First Impressions from NoSQL Live

Today I drove up to Boston for the day to attend NoSQL Live. My experience so far within the NoSQL community has been limited to what we've built in-house at Disney and ESPN over the past decade to solve our scaling issues, more recently has been ESPN's use of Websphere eXtreme Scale, and the very latest has been my own experimentation with HBase which hasn't gotten much further than setting up a four node cluster. I've read a little about Cassandra, memcached, Tokyo Cabinet and that's about it. So before the sandman wipes away most of my first impressions of the technologies discussed today, I wanted to record my thoughts for posterity or, at the very least, tomorrow.


Cassandra
Cassandra seems to be the hottest NoSQL solution this month with press about both Twitter and Digg running implementations. My impression, I'm wary of "eventual consistency". I don't feel I understand the risk and ramifications well enough to design a system properly.
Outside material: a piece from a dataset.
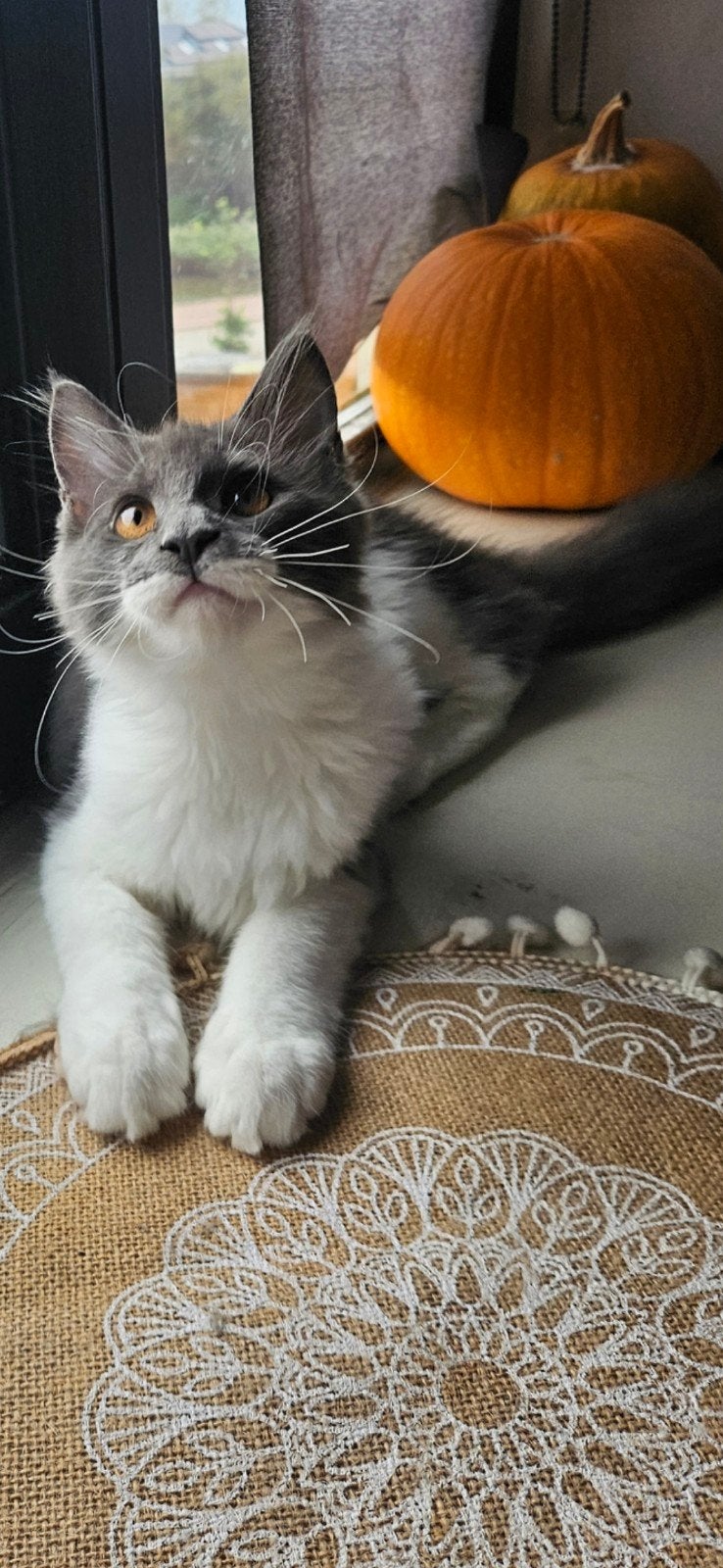 Maine Coon-poes met stamboom., Dieren en Toebehoren, Poes, 0 tot 2 jaar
When Jonathan Ellis of Rackspace Cloud mentioned that Digg needed to implement Zookeeper-based locking on top of Cassandra so that diggs get recorded correctly, I realized how poorly I understand eventual consistency and how risky it could be. But my impression of Cassandra isn't all negative, it definitely seems to have less baggage than HBase by not being built on top of HDFS. I'll get into what that means a little later.

Memcached
Unfortunately the speaker that 'represented' memcached gave off a vibe that really turned me off to the product. I know that's incredibly shallow, but this is first impressions after all and not perfectly-evaluated impressions. Mark Atwood sat on the first panel of the day "Scaling with NoSQL" and his whole attitude seemed to say "memcached is all you'll ever need and these guys next to me are just overdesigning hacks". His answers were short and his tone was quite condescending even when addressing audience questions. Not a very good first impression of him. But luckily today wasn't my first impression of memcached as I was pointed in its direction just last week by a Disney colleague. My research before today has me intrigued about using it as a replacement for ehcache as a second-level cache provider to Hibernate which we use as an ORM in one system at ESPN right now.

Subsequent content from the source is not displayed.